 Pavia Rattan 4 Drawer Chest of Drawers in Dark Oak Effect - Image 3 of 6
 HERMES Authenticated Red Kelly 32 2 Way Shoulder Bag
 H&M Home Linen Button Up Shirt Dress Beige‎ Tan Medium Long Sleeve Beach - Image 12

....

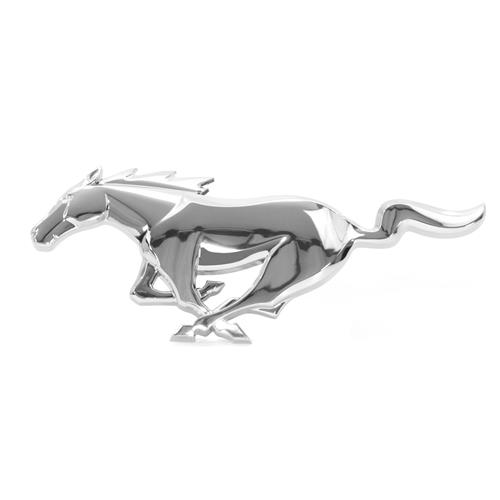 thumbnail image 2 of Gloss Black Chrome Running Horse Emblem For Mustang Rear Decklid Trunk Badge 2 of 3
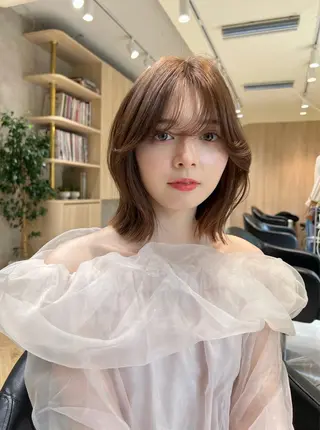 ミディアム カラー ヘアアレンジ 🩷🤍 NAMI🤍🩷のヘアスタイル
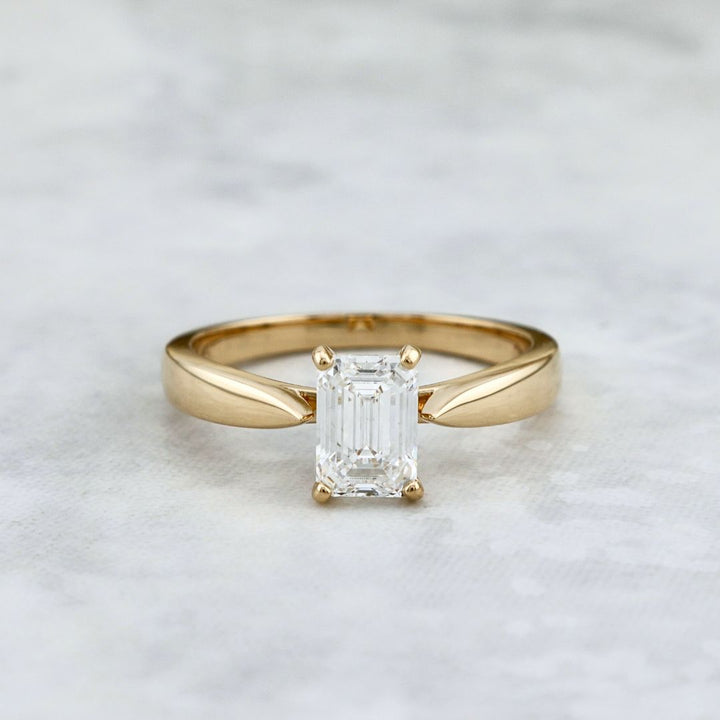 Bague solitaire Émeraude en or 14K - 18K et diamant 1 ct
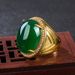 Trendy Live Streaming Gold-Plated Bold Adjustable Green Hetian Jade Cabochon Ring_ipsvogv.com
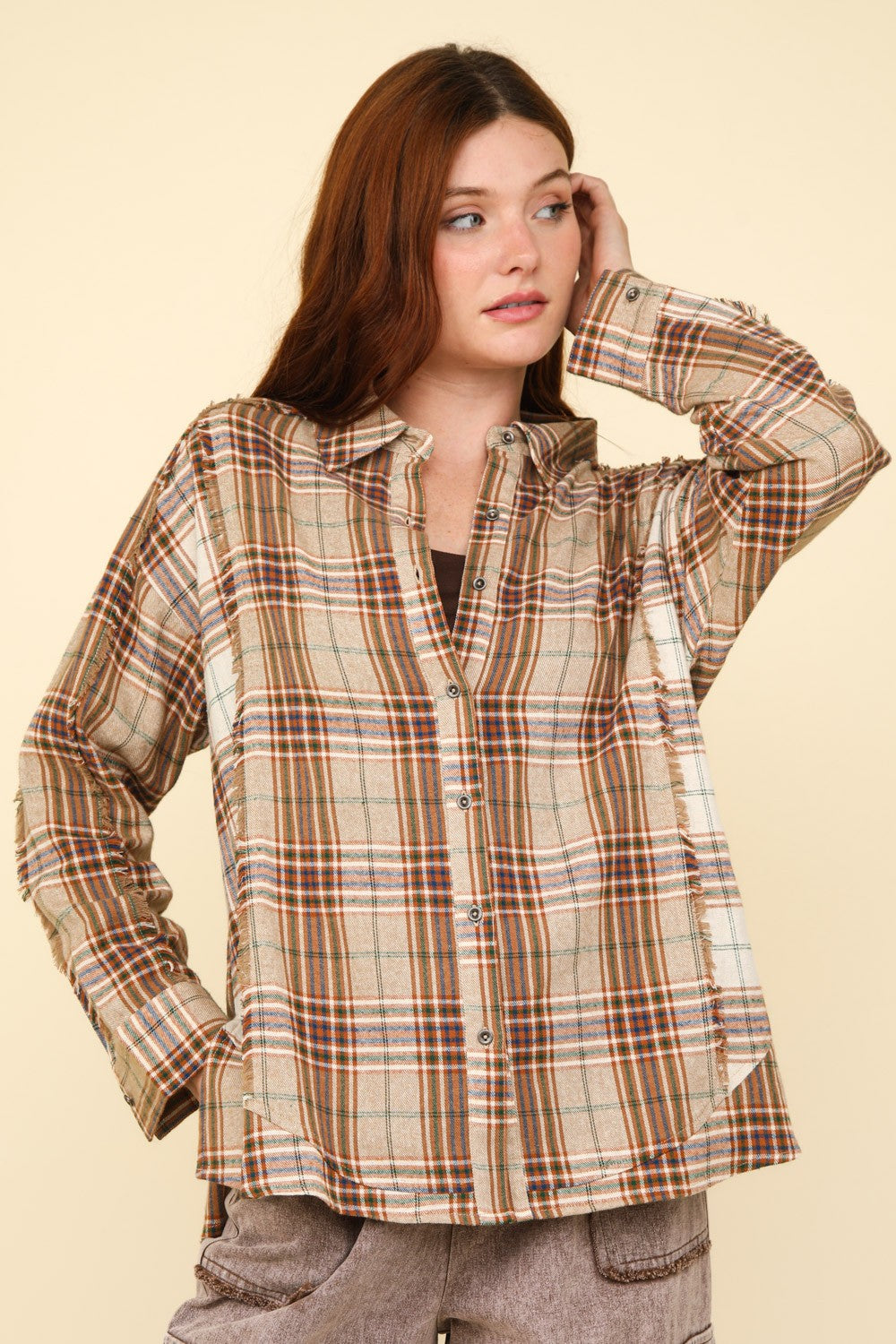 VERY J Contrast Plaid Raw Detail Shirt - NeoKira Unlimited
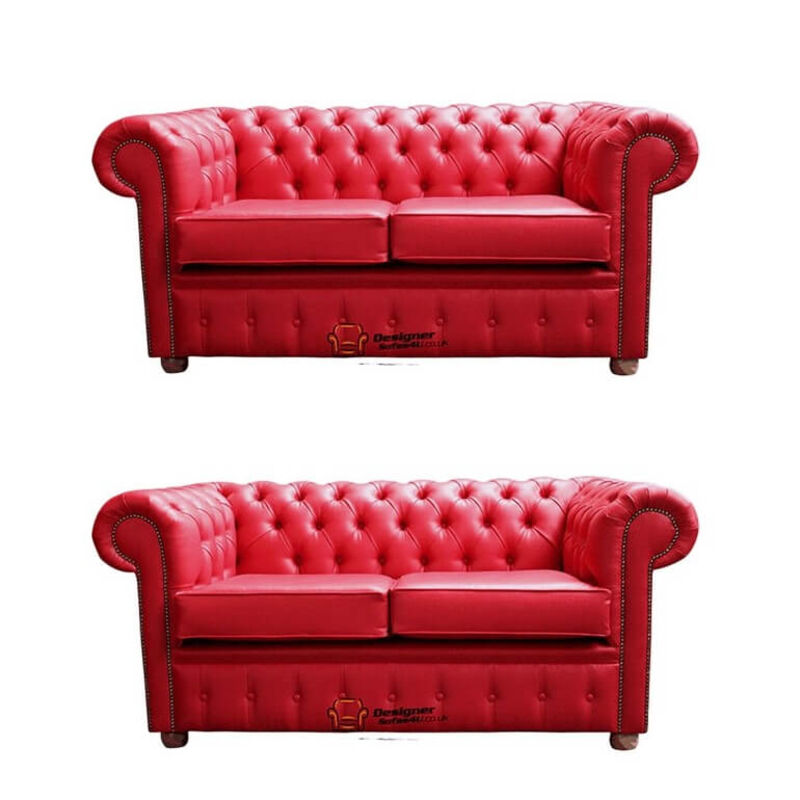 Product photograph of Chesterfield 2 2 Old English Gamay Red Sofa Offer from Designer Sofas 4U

....

TASK STATEMENT: Please copy the lines in the records above between the one holding "Pavia Rattan 4" and the one holding "H&M Home Linen", inclusive, exactly and with no other line.

ANSWER FOR THIS EXERCISE:
 Pavia Rattan 4 Drawer Chest of Drawers in Dark Oak Effect - Image 3 of 6
 HERMES Authenticated Red Kelly 32 2 Way Shoulder Bag
 H&M Home Linen Button Up Shirt Dress Beige‎ Tan Medium Long Sleeve Beach - Image 12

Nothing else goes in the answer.